Required work:
Output each line of the data below exactly, omitting any image.

Provided material:
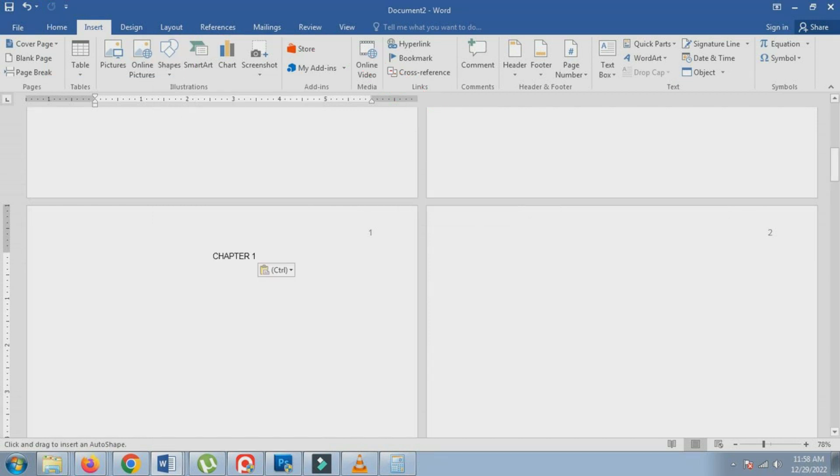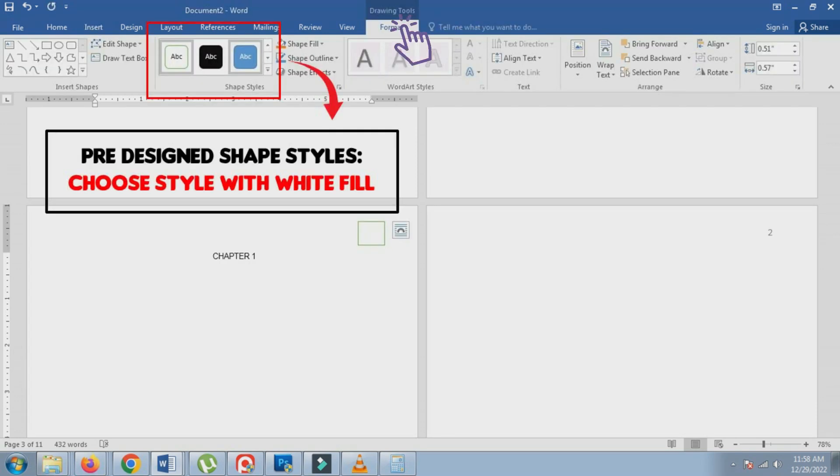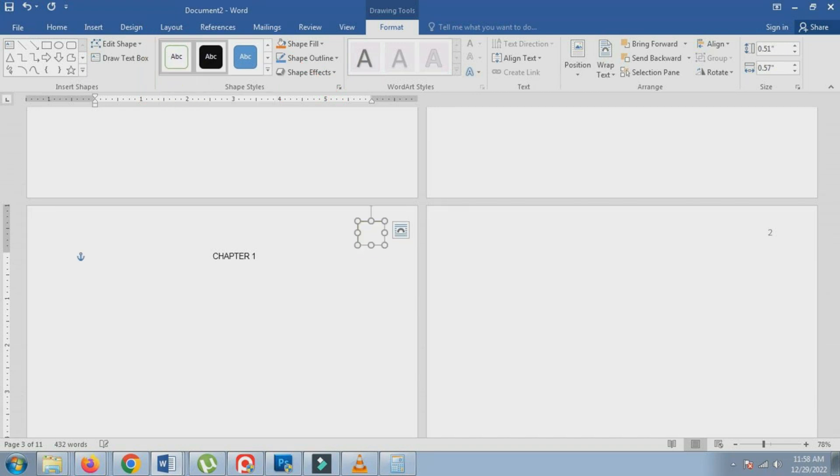4. Draw a shape in front of it. Then, under the Format tab, select a pre-designed shape style with a white shape fill and change the shape outline color to white or remove the outline.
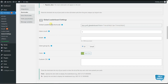Then comes the users count option. By writing your desired number here, you can specify how many users' results you want to display on the frontend. Then comes the width option — you can specify the width of the leaderboard box. If you want 100% width for the leaderboard, you can leave this input blank.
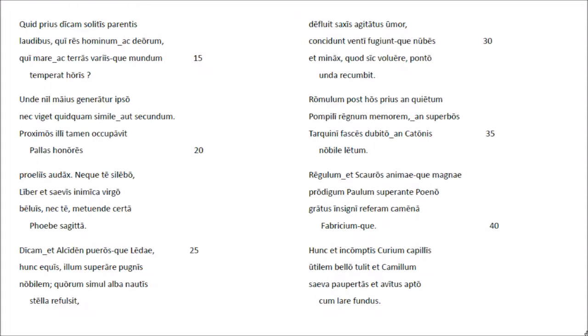Romulum postus rius anquitum pompivirinum memoram superbus, tarquini fasces dubituam catunis nobile litum.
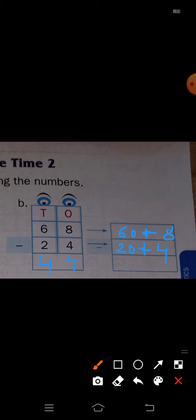Now write 44 in expanded form. Tens place 4, write 40; ones place 4, write plus 4. That is 40 plus 4 equals 44.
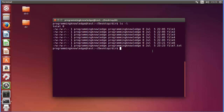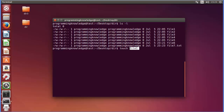If the file doesn't exist and you use the touch command, it will create the file. If the file already exists and you use touch on it, it will update the timestamp of that file to the current timestamp. You can see the current timestamp is 23:24.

Answer space:
4. Draw a shape in front of it. Then, under the Format tab, select a pre-designed shape style with a white shape fill and change the shape outline color to white or remove the outline.
Then comes the users count option. By writing your desired number here, you can specify how many users' results you want to display on the frontend. Then comes the width option — you can specify the width of the leaderboard box. If you want 100% width for the leaderboard, you can leave this input blank.
Romulum postus rius anquitum pompivirinum memoram superbus, tarquini fasces dubituam catunis nobile litum.
Now write 44 in expanded form. Tens place 4, write 40; ones place 4, write plus 4. That is 40 plus 4 equals 44.
If the file doesn't exist and you use the touch command, it will create the file. If the file already exists and you use touch on it, it will update the timestamp of that file to the current timestamp. You can see the current timestamp is 23:24.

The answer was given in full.